Basham was someone with whom I frequently interacted during my time at KIQQ during the 1970s. She was one of my most favorite people in Hollywood because she was honest and forthright. Imagine encountering those particular traits existing in Hollywood! In an interview with me in 1975, her characteristic candor was evident when she expressed her view that by the mid-1970s, the excitement was gone from top 40 radio in Los Angeles. “I’d say it’s not exciting as a record promoter or even as a listener. Most of the personalities on top 40 radio are really good, but they all sound alike. Nobody talks about what anybody on the air says today. Nobody cares. Top 40 radio is just really bland right now was far as personalities are concerned. I’m not sure if that’s the reason why radio in general has lost a lot of listeners.”

The former rock and roll powerhouse KHJ slid into a downward trajectory and the station never again was able to recapture its former status as a pop culture icon. The KHJ call letters lived on until the end of January 1986 when RKO made the decision to change KHJ to KRTH-AM (since their FM station call letters are KRTH-FM). The KRTH-AM call letters lasted through the Smokin’ Oldies format after which RKO sold both stations to Beasley, which in turn sold the AM station to Liberman Broadcasting, operators of Spanish language stations KWIZ in Santa Ana, and KBUA and KBUE known collectively as “Que Buena.” They turned the former KHJ into KKHJ, which became known as “La Ranchera,” but in so doing, the original call letters KHJ were given up.

When the Libermans purchased the station, the closest call letters they could obtain from the FCC were KKHJ. This is because call letters KHJJ were already in use by a station in the San Joaquin Valley calling itself KHJ. But, one problem was that KKHJ could not mention its call letters on the air in Spanish. The reason may not be apparent to those who only speak English.

In Spanish, the letter “K” is not pronounced “kay” as it is in English. The letter “K” is pronounced as “kah” in Spanish. If you say “kay-kay” in English, that doesn’t mean anything.

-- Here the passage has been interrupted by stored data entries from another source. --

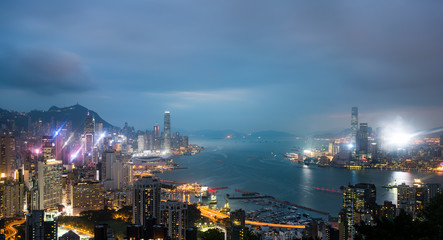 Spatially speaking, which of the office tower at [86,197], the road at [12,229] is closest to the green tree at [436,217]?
the road at [12,229]

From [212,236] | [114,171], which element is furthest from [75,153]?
[212,236]

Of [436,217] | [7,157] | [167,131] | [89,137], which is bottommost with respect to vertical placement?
[167,131]

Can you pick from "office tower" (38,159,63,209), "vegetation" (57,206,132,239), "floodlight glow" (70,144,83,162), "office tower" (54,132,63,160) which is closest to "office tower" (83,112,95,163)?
"floodlight glow" (70,144,83,162)

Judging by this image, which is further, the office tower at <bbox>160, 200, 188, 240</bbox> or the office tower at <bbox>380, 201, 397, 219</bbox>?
the office tower at <bbox>380, 201, 397, 219</bbox>

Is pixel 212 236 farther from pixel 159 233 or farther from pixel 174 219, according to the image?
pixel 159 233

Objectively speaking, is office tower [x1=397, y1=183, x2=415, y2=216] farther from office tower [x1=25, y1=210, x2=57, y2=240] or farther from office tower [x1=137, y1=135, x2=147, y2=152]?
office tower [x1=137, y1=135, x2=147, y2=152]

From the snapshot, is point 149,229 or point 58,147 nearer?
point 149,229

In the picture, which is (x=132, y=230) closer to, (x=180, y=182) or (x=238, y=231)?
(x=238, y=231) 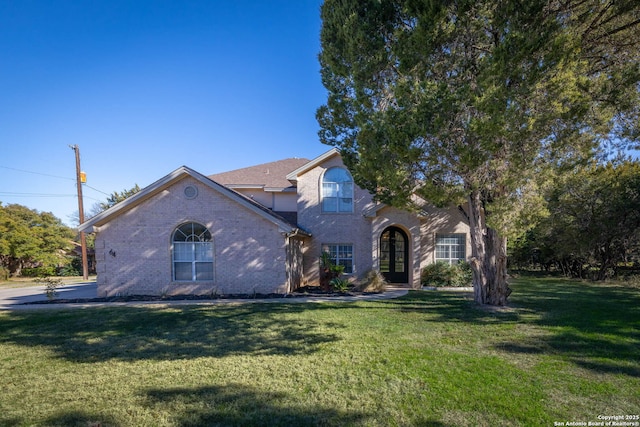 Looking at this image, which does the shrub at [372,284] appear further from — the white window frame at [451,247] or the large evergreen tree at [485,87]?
the large evergreen tree at [485,87]

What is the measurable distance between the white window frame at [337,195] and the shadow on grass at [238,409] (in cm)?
1170

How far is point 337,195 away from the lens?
51.4 feet

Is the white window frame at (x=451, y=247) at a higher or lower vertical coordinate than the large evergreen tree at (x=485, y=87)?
lower

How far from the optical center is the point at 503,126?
21.0 feet

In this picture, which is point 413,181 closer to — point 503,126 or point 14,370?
point 503,126

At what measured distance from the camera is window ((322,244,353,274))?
50.8ft

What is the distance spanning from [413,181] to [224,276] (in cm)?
848

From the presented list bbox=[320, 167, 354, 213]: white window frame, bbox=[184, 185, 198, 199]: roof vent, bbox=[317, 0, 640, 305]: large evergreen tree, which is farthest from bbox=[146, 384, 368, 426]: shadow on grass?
bbox=[320, 167, 354, 213]: white window frame

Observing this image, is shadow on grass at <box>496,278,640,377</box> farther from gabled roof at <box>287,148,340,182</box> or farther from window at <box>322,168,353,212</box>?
gabled roof at <box>287,148,340,182</box>

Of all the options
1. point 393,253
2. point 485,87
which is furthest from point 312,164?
point 485,87

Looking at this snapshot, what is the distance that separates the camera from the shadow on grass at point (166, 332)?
19.8ft

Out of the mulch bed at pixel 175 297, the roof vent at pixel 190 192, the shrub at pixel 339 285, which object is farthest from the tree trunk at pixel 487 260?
the roof vent at pixel 190 192

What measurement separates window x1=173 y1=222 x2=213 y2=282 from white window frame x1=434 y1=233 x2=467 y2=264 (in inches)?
445

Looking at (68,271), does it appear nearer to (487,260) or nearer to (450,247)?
(450,247) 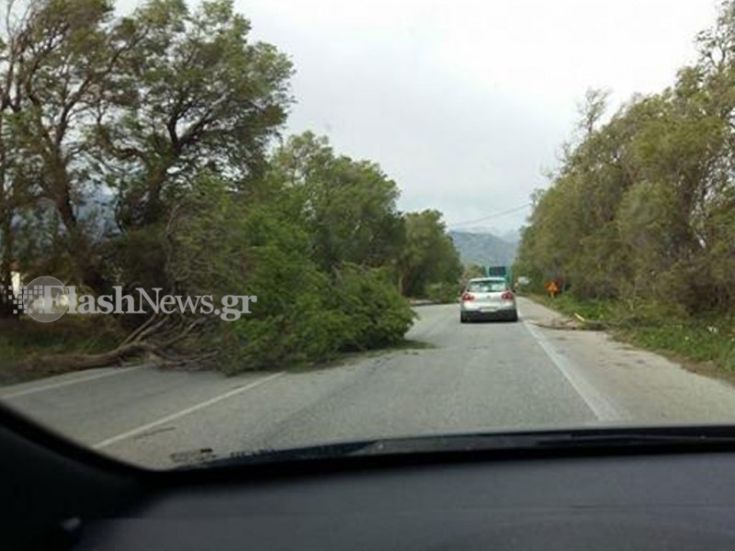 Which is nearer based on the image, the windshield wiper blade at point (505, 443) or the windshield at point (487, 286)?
the windshield wiper blade at point (505, 443)

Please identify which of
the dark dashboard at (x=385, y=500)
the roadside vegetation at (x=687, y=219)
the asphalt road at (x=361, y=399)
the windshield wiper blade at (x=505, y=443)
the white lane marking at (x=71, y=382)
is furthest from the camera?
the roadside vegetation at (x=687, y=219)

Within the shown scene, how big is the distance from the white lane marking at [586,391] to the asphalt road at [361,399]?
2 centimetres

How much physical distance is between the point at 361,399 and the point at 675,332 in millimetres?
11811

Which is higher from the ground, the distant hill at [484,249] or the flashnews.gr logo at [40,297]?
the distant hill at [484,249]

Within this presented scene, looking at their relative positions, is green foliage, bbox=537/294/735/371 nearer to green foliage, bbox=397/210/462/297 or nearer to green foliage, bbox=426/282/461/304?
green foliage, bbox=426/282/461/304

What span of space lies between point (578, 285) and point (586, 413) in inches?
1401

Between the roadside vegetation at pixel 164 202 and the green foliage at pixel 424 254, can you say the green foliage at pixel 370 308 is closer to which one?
the roadside vegetation at pixel 164 202

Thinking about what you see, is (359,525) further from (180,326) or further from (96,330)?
(96,330)

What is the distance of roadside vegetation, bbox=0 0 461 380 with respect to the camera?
1666 centimetres

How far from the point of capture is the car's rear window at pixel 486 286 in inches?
1235

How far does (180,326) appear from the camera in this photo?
16891 millimetres

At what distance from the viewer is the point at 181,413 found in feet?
35.1

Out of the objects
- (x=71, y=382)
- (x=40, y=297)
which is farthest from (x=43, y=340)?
(x=71, y=382)

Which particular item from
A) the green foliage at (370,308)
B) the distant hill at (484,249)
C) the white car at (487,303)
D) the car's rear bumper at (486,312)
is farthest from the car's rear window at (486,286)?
the distant hill at (484,249) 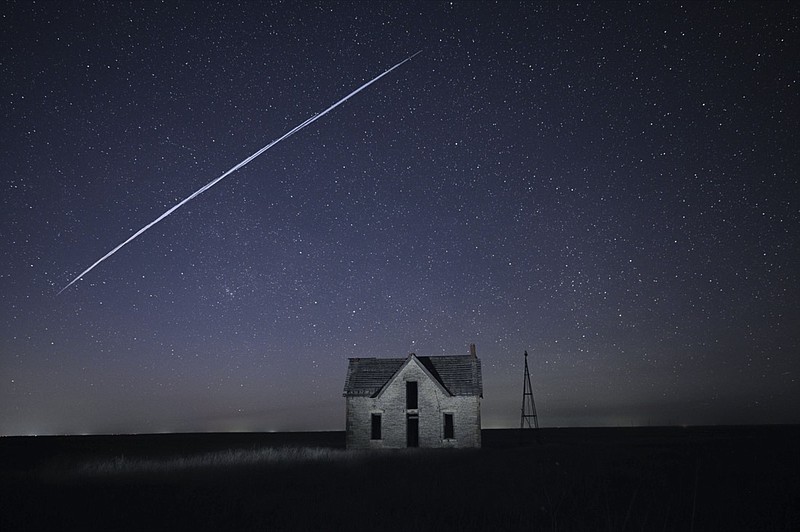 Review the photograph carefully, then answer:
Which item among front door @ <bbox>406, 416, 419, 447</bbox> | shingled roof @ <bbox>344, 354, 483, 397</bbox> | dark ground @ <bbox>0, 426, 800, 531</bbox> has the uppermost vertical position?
shingled roof @ <bbox>344, 354, 483, 397</bbox>

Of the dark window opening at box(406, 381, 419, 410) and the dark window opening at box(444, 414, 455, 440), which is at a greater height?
the dark window opening at box(406, 381, 419, 410)

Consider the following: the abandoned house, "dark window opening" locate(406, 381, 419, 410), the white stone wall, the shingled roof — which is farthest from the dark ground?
the shingled roof

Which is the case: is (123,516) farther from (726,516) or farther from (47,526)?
(726,516)

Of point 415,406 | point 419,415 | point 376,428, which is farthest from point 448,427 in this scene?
point 376,428

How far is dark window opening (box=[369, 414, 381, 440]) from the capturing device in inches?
1309

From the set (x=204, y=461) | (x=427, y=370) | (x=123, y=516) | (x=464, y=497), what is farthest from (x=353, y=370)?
(x=123, y=516)

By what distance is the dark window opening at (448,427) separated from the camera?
107 feet

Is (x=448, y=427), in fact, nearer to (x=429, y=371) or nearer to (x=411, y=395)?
(x=411, y=395)

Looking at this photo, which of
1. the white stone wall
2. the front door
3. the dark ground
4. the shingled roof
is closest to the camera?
Answer: the dark ground

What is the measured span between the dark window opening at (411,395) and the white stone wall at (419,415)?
314 mm

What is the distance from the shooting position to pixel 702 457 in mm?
25594

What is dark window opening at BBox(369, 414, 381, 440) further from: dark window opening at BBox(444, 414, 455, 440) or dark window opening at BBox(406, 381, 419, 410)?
dark window opening at BBox(444, 414, 455, 440)

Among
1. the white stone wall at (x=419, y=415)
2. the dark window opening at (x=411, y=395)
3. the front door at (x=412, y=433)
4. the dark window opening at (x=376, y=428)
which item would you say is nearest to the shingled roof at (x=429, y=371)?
the white stone wall at (x=419, y=415)

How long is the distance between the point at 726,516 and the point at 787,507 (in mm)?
2190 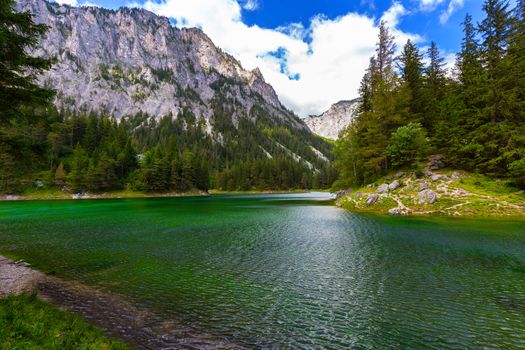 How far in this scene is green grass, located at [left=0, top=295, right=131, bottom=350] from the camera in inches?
276

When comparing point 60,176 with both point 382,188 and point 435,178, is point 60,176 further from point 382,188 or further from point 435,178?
point 435,178

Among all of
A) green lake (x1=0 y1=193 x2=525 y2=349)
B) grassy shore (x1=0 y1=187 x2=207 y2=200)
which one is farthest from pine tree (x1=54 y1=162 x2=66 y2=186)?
green lake (x1=0 y1=193 x2=525 y2=349)

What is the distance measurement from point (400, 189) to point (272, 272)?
38.0m

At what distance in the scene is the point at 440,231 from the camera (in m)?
27.1

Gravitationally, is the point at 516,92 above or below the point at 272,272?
above

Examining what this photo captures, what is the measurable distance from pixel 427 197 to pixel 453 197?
3.36 meters

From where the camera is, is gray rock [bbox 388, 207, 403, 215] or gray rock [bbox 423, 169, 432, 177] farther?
gray rock [bbox 423, 169, 432, 177]

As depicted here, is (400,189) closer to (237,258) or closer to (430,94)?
(430,94)

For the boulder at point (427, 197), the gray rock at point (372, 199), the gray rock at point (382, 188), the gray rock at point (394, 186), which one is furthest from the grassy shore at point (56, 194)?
the boulder at point (427, 197)

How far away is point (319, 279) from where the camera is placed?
1526 centimetres

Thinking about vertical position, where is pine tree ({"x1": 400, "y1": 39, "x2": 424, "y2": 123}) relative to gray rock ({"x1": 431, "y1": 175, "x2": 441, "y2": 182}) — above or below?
above

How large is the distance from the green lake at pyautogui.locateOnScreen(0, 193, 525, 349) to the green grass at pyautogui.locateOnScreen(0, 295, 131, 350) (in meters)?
2.90

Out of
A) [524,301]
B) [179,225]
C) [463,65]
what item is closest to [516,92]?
[463,65]

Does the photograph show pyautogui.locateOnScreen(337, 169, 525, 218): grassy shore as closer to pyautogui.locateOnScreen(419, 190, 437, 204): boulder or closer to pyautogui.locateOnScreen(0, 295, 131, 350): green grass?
pyautogui.locateOnScreen(419, 190, 437, 204): boulder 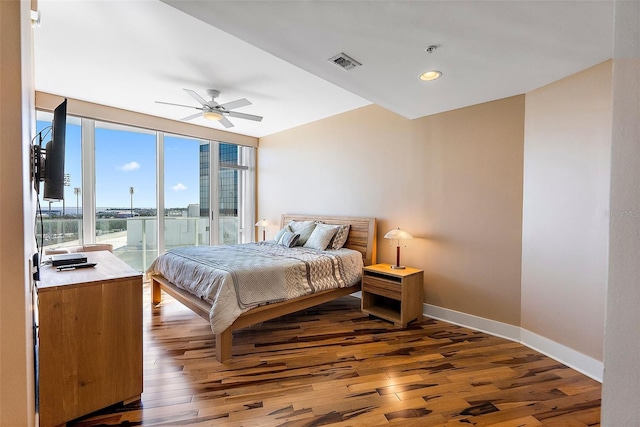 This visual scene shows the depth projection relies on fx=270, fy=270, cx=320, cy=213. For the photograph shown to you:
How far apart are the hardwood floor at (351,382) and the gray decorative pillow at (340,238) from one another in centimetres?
121

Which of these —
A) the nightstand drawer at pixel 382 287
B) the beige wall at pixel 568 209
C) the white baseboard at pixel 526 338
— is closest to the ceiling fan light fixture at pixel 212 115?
the nightstand drawer at pixel 382 287

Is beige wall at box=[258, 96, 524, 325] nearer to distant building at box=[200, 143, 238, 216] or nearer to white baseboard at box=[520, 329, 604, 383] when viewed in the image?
white baseboard at box=[520, 329, 604, 383]

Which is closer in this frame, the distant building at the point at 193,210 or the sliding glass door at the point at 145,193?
the sliding glass door at the point at 145,193

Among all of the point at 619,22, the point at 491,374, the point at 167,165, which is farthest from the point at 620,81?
the point at 167,165

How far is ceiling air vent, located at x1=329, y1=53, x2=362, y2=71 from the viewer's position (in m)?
2.05

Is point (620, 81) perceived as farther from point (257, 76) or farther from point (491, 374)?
point (257, 76)

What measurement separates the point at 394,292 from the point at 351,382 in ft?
4.07

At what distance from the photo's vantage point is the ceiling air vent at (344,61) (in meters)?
2.05

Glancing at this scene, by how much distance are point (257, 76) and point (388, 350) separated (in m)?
3.16

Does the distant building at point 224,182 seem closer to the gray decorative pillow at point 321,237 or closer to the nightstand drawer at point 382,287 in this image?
the gray decorative pillow at point 321,237

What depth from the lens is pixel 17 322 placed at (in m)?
0.92

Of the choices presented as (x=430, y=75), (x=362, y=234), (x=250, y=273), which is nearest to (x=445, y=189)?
(x=362, y=234)

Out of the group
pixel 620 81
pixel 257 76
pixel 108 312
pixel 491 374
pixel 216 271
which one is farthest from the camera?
pixel 257 76

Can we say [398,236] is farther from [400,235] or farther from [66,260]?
[66,260] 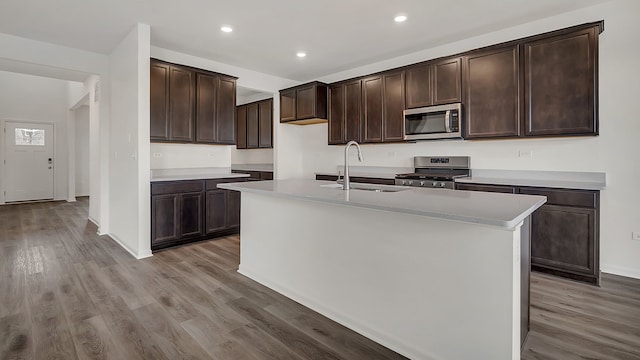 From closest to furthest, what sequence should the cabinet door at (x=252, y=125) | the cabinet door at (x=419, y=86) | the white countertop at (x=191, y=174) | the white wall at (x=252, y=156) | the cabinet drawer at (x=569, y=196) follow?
1. the cabinet drawer at (x=569, y=196)
2. the cabinet door at (x=419, y=86)
3. the white countertop at (x=191, y=174)
4. the cabinet door at (x=252, y=125)
5. the white wall at (x=252, y=156)

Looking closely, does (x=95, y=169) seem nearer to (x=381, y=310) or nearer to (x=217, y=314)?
(x=217, y=314)

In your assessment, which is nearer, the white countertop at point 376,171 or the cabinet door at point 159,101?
the cabinet door at point 159,101

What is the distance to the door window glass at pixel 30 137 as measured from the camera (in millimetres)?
7500

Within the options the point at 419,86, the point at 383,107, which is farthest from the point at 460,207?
the point at 383,107

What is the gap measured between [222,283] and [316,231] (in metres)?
1.13

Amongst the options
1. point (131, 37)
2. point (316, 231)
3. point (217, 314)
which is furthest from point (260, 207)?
point (131, 37)

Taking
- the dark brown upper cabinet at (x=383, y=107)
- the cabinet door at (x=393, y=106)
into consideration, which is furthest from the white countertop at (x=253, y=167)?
the cabinet door at (x=393, y=106)

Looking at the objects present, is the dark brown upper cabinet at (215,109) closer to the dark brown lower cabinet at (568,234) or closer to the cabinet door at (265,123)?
the cabinet door at (265,123)

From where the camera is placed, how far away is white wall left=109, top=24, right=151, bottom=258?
3.57 metres

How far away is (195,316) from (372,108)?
11.7ft

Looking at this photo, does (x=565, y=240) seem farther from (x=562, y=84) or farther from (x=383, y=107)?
(x=383, y=107)

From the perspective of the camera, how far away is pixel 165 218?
3891 millimetres

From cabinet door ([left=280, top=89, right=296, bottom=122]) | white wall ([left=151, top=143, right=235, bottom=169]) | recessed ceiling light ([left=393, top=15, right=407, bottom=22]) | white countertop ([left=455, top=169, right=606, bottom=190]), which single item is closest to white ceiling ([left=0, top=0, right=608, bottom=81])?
recessed ceiling light ([left=393, top=15, right=407, bottom=22])

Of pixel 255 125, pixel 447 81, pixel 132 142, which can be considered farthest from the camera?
pixel 255 125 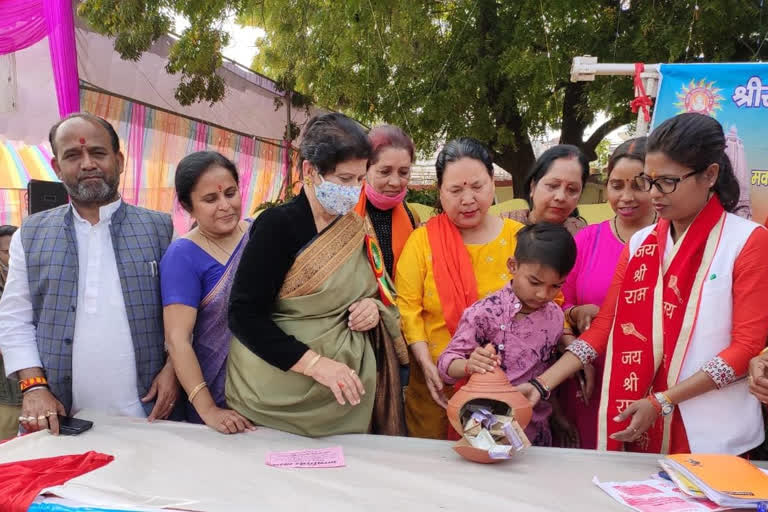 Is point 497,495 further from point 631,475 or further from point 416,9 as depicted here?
point 416,9

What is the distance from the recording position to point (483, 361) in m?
1.75

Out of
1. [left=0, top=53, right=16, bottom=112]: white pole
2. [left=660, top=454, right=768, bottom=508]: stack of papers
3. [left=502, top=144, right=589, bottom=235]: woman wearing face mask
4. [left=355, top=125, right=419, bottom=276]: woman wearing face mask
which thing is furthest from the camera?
[left=0, top=53, right=16, bottom=112]: white pole

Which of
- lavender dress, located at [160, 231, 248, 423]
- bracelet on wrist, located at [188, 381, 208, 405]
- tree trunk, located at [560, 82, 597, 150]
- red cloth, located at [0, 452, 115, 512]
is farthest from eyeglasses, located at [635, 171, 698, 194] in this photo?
tree trunk, located at [560, 82, 597, 150]

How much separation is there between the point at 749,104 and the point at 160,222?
3.16 metres

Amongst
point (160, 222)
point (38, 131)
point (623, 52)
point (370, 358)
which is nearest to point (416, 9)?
point (623, 52)

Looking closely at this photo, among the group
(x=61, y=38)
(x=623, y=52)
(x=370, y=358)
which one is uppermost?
(x=623, y=52)

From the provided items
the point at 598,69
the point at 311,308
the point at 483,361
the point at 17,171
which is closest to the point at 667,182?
the point at 483,361

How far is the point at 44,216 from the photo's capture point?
2314mm

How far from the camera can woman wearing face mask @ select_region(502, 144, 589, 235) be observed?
2529mm

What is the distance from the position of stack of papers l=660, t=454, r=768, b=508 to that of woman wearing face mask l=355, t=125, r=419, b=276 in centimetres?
135

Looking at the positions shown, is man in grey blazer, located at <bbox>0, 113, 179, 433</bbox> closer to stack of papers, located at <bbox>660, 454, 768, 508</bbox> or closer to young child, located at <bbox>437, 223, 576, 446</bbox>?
young child, located at <bbox>437, 223, 576, 446</bbox>

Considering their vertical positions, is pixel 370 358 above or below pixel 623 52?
below

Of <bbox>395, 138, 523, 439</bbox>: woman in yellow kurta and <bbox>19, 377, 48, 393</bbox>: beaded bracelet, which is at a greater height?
<bbox>395, 138, 523, 439</bbox>: woman in yellow kurta

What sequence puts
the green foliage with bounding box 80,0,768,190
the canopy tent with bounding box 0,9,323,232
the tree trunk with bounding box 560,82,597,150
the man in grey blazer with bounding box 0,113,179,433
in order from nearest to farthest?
1. the man in grey blazer with bounding box 0,113,179,433
2. the green foliage with bounding box 80,0,768,190
3. the canopy tent with bounding box 0,9,323,232
4. the tree trunk with bounding box 560,82,597,150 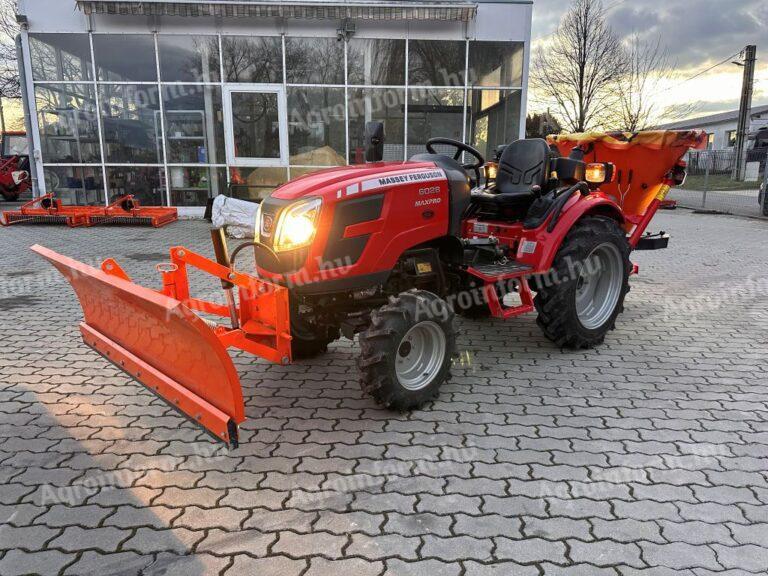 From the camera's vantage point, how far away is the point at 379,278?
3.44 m

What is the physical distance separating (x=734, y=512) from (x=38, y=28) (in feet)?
49.8

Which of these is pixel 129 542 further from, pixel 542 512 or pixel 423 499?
pixel 542 512

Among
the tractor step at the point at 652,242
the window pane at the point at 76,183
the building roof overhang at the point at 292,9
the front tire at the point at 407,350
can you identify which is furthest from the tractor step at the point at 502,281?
the window pane at the point at 76,183

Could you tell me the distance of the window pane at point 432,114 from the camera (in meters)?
13.1

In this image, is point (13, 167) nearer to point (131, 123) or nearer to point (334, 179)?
point (131, 123)

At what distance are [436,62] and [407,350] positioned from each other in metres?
11.0

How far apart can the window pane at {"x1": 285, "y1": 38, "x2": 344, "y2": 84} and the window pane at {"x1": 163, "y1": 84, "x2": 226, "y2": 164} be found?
183 centimetres

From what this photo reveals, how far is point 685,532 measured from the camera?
7.86 feet

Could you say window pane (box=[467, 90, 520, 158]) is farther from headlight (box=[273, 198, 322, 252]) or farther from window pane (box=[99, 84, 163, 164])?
headlight (box=[273, 198, 322, 252])

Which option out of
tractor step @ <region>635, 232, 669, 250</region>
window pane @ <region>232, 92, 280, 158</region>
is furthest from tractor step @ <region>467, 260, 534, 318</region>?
window pane @ <region>232, 92, 280, 158</region>

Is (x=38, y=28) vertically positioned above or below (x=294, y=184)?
above

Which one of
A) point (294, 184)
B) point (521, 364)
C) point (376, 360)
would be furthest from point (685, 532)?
point (294, 184)

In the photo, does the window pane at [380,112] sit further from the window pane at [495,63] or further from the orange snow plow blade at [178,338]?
the orange snow plow blade at [178,338]

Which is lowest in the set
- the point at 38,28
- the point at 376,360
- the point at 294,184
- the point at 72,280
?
the point at 376,360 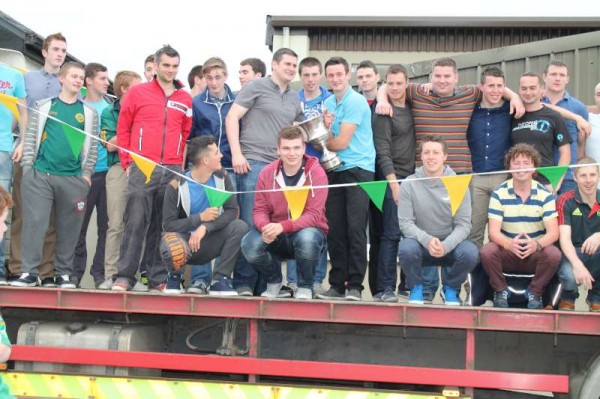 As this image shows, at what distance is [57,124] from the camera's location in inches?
270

But, when you say “kah-kah” in Spanish, well—. You must have already figured out where this is going! Having station imagery with the word shit in it in any language would be a liability. To compensate for this problem, dating back to its inception, the station call letters were only given in English (“kay-kay-aitch-jay”) and referred to on the air in Spanish as “La Ranchera.”

In a drive spearheaded by KKHJ Program Director Alfredo Rodriguez and Chief Engineer Jerry Lewine, the station collected letters from listeners and community leaders explaining the problem the station faced. They forwarded those letters to and spoke with staff at the FCC with the request that they make an exception to their policies and permit the station to drop one of the “K’s” and return to the call letters that the station had for over 65 years, KHJ. Under the circumstances, the FCC made a rare exception to the rules and granted the request. As a result, on March 15, 2000, the original call letters KHJ once again returned to Los Angeles.

The Spanish language programming did not survive on the AM dial. In 2014 Liberman Broadcasting bought a Southern California FM station, KWIZ, Santa Ana, and moved the “La Ranchera” brand of programming there. Immaculate Heart Radio Education Broadcasting of Loomis, California purchased KHJ in 2014 and yet another radio format change on the station followed: KHJ started broadcasting Roman Catholic faith programming. Dominos vobiscum!